Defecto - Excluded - (9/10)
Published on March 31, 2017
One of the beautiful things about metal is that it constantly produces hidden gems that just wait to be discovered. Excluded, the debut album of Copenhagen-based Defecto is one of these and even though they come labeled as progressive metal, the next Dream Theater clone this is not. Not by far, the closest neighbour in the field is probably Swedish Evergrey, but even that comparison is a bit of a stretch. But that is not all, because if the producer name says Flemming Rasmussen, then the expectations just go up by at least another notch.
Excluded is a wild mix of groovy riffing, beautiful dynamics, dark atmosphere, insanely catchy (but never even remotely shallow) choruses and the outstanding vocal performance of Nicklas Sonne (who now also joined Evil Masquerade), resulting in one of the most surprising and best prog metal albums of the year. As mentioned before, Defecto stand as far removed from the Dream Theaters and Opeths of the world as the prog world will allow, rather taking cues from power metal, groove metal and other genres, but what really makes this album so remarkable is the fact that the quartet effortlessly makes even the more complex compositions and time changes flow and just make it work.

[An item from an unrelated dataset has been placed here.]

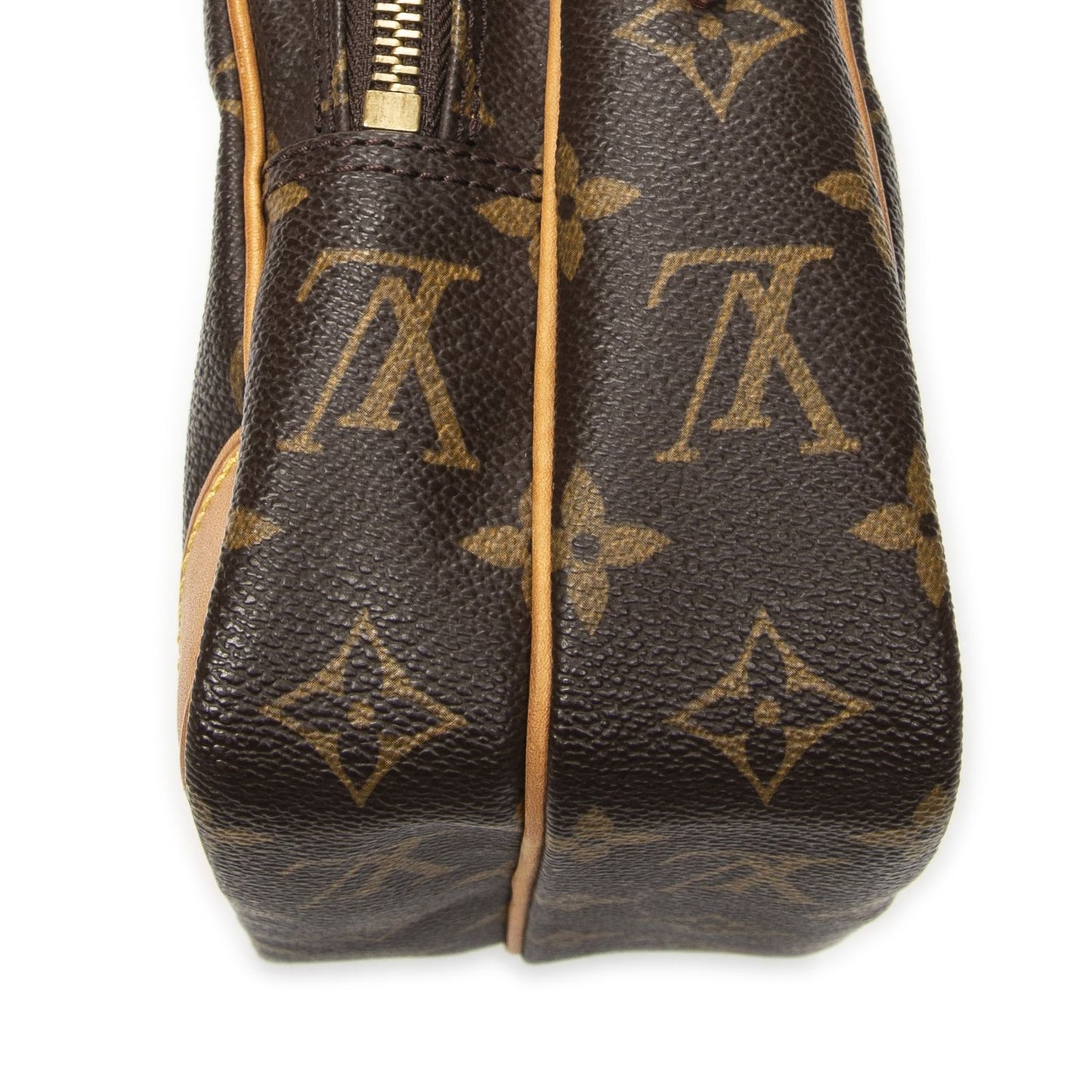 Louis Vuitton Amazon Brown Monogram Canvas Crossbody — view 8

The opening title track combines the groove metal inspired riffing with great melodies, a dark atmosphere with uplifting vocal lines and a few well placed growls that actually add to the whole rather than distract. “Drifting into Blackness” brings out a stronger power metal list with sweeping guitars and keyboards, driven by double-bass drums, but it wouldn’t be Defecto, if they did not cleverly vary speeds and intensity and counter the soaring melodies with this feeling of melancholy that comes back throughout the album. Even when going tranquil and calm as on piano-borne “The Final Transition”, there is no drop in quality or overall drop in flow within the album.
Sonne has one of these voices that can be smooth as silk and add just enough grit to be serious about it, while the growls that the band throws in here and there never seem like a foreign object, but just bring in a little bit of an extra facet, similar to the Pink Floyd-ian spheric keyboard passage of “Into Oblivion” or closing “The Sand of Time”, an emotive, powerful and epic ballad that evokes images of the grand ballads of the 80s, but without sounding antiquated. Until the 3:30 mark, where it morphs into a powerful mid-paced track with some growls, before returning to its epic beginning.
As to be expected, the production is flawless, clear and powerful, as to be expected from Rasmussen, and the songs make the best of it, garnished with great musicianship, which could probably warrant some self-indulgent noodling, but the Danes show great restraint and stay away from it, making the songs so much richer with it.
Excluded is a very hot contender for the title of debut of the year and has everything to stand in the forefront of the progressive movement. They are one of the few new bands these days that know how to take older influences and properly fusing them together into something that actually does not sound like everybody (or most) else!